The Sad Tale of Skanky's Cactus
When I was, I think, eight years old, I had a cactus. The details are a little vague in my mind; I definitely came home from a school summer fair with it, and it definitely cost me 50p, but I'm not sure whether I bought it or won it on a hoopla. But I remember the little fella very clearly, because it was my first ever plant. It was only a few inches tall, but it was very spiky - like most eight-year-olds, I loved anything vaguely dangerous - and, as a cactus, it didn't need much looking after. I still remember getting home and putting it on the windowsill, and every morning I'd get up extra early to peer at it. I think it even had a name, though even if I could remember it I wouldn't be telling you.
And, of course, I killed it.
For a start, apparently - and this still sounds absolutely ridiculous to me, for very obvious reasons - cactuses don't really like being in the sun. Our house was also pretty chilly, and as summer turned to autumn and autumn to winter my cactus began to shivel away. I probably overwatered it and underwatered it by measures, and I never fed it any nutrients. The final straw was when I poked a couple of holes in it to see if water would shoot out like it does in cartoons, and this was like stabbing it in the heart.
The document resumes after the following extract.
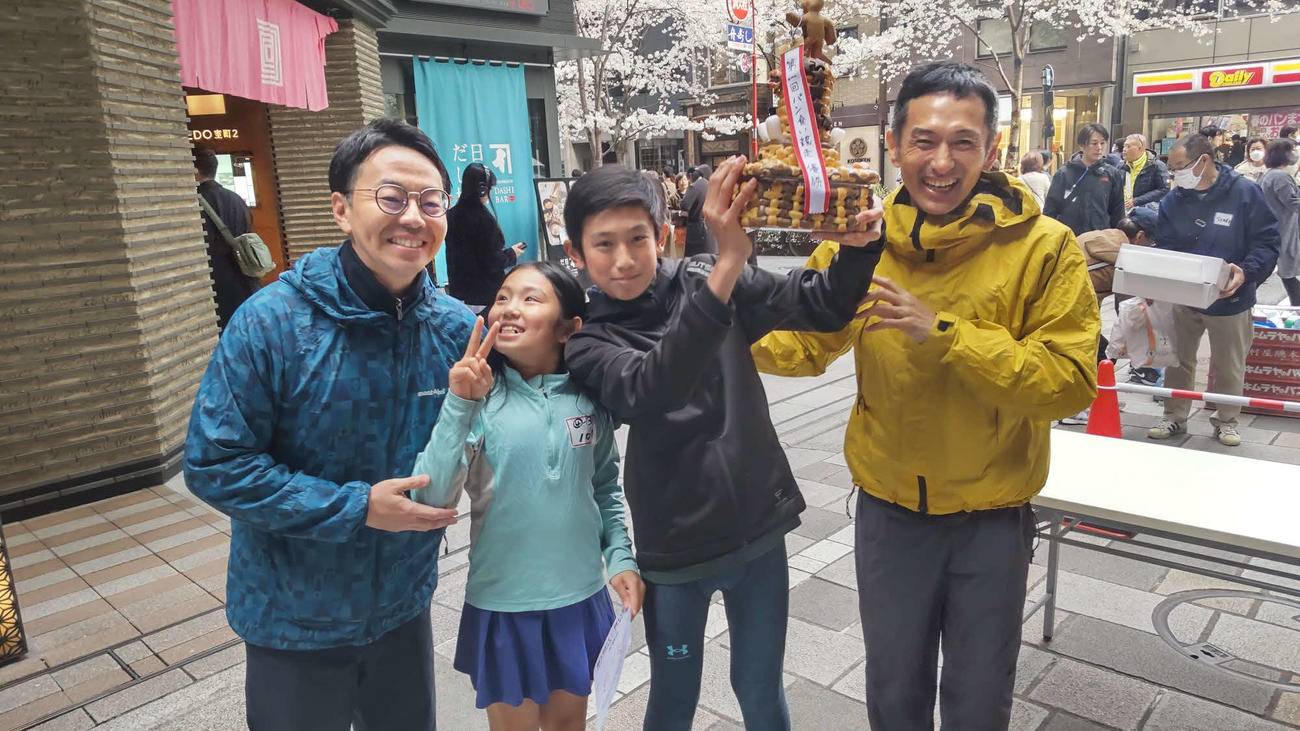優勝した岡部航一君（右から2人目）を祝福する木村光伯社長（左）と為末大さん（右）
Eventually, my Mum threw it in the bin, and I got an extra ten minutes of sleep every day.
I've never forgotten my cactus, though. The experience has been a curse for over two decades now, as I'm convinced that every time I try to plant something it will die. I've almost wilfully become a bad gardener. In the back of my mind, I know that I can kill cactuses through neglect, so what hope do I have of growing anything that actually needs proper looking after?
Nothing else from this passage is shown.